According to a Friday report from the New York Times, McCabe kept memos stating that Deputy Attorney General Rod Rosenstein talked about secretly recording President Donald Trump and discussed using the 25th Amendment to remove him from office. People “briefed either on the events themselves or on memos” by McCabe were cited as sources in the story.

Rosenstein oversees special counsel Robert Mueller’s Russia investigation, and the news has already riled up some of Trump’s conservative allies. But a source also told the Times that Rosenstein may have been joking when he made those comments, an account that was corroborated by the Washington Post’s sources.

McCabe, through his attorneys, has so far denied that he had anything to do with leaking information from the memos and said that they were turned over to special counsel Robert Mueller’s office when McCabe stepped aside from his role at the FBI in January.

The fallout from this story could have major implications for Mueller’s investigation into Russian interference in the 2016 election.

Here’s a quick refresher on McCabe, which includes his connection to the Mueller probe, his controversial ouster from the FBI, and what this latest development might mean.

Andrew McCabe’s role in the Russia investigation

Andrew McCabe became acting director of the FBI after Trump fired FBI Director James Comey in May 2017. McCabe’s new position put him in charge of the Russia investigation.

Trump, however, expressed his distrust of McCabe on multiple occasions. This had less to do with McCabe himself and more do to with his wife, Jill McCabe, who had run for the state Senate in Virginia in 2015 as a Democrat. Jill McCabe received support from the state Democratic Party and a PAC tied to a Hillary Clinton ally.

Trump used this connection to lambast McCabe and paint the Russia investigation as politically motivated.

Beyond that, McCabe’s name has been connected to two other officials whom Trump says have shown that the Russia investigation is biased: former FBI agent Peter Strzok and attorney Lisa Page.

As Vox has previously reported:

McCabe’s name also surfaced in a controversial text message sent by FBI agent Peter Strzok, who was removed from special counsel Robert Mueller’s Russia probe over evidence of anti-Trump political bias.

Strzok had mentioned someone named “Andy” in a text message with federal attorney Lisa Page, suggesting there was a discussion about Trump — and not a positive one — in McCabe’s office.

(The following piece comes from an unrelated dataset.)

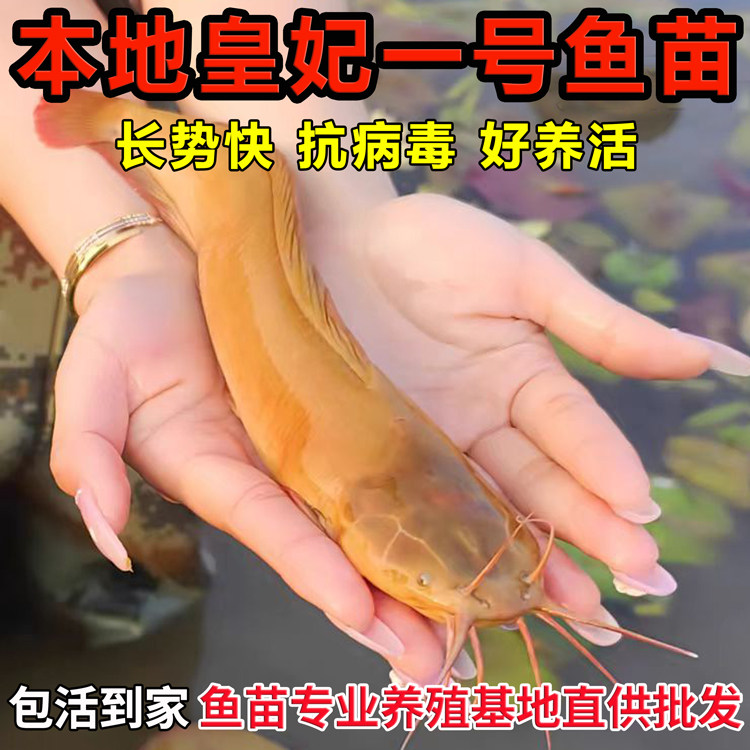 塘鲺鱼苗本地三黄塘鲺角鱼 皇妃一号塘角鱼八须胡子鲶鱼养殖批 发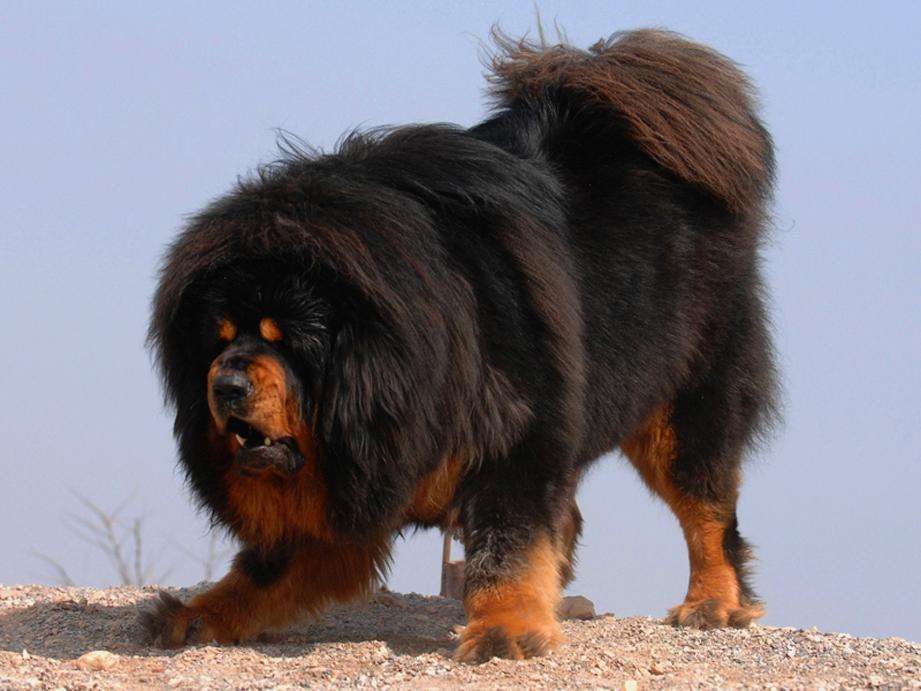 Learn about a Dog Every Day - Tibetan Mastiff Dog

Trump’s attacks on McCabe — and his insinuations of political bias — are part of the president’s larger attacks on federal law enforcement. Vox’s Andrew Prokop wrote in April that Trump “repeatedly urged the department to charge his political and bureaucratic opponents with crimes. McCabe, as a Comey ally and career staffer, was a natural obstacle.”

McCabe’s controversial firing

Trump’s ire toward McCabe — and by, extension, the FBI — led McCabe to step back from his role in January.

He was also under investigation by the Department of Justice inspector general, as part of a larger investigation into the FBI and DOJ conduct during the 2016 election.

In his final report, Inspector General Michael Horowitz found that McCabe “lacked candor” because he inappropriately allowed two top officials to talk to journalists about the opening of an investigation into the Clinton Foundation and lied about doing so to investigators.

The Inspector General recommended that McCabe be fired, and Attorney General Jeff Sessions obliged. Sessions fired McCabe in March, a little more than 26 hours before he planned to formally retire, denying him his pension. (The Inspector General also made a criminal referral regarding McCabe’s role in leaking during the Clinton investigation.)

McCabe fought back, saying the smear against him was an attempt to discredit him and law enforcement writ large, and tied the attacks to the Russia investigation. In a statement after his firing, McCabe said that he was “being singled out and treated this way because of the role I played, the actions I took, and the events I witnessed in the aftermath of the firing of James Comey.”

McCabe’s memos

While it was known that McCabe kept memos during his time at the FBI, Friday’s New York Times report provides the first glimpse of what they might say.

The Associated Press reported in March that McCabe kept contemporaneous memos about his interactions with the president and other topics, and McCabe gave these memos to special counsel Robert Mueller when he stepped away from his day-to-day duties in January, McCabe’s attorney confirmed Friday.

But it’s still unclear how the details of McCabe’s memos were leaked to the Times — and the full context of his interactions with Rosenstein in the instances documented.

More will likely leak in the coming days, but regardless of what happens, it’s clear that McCabe is back at the center of the battle over the Russia investigation once again.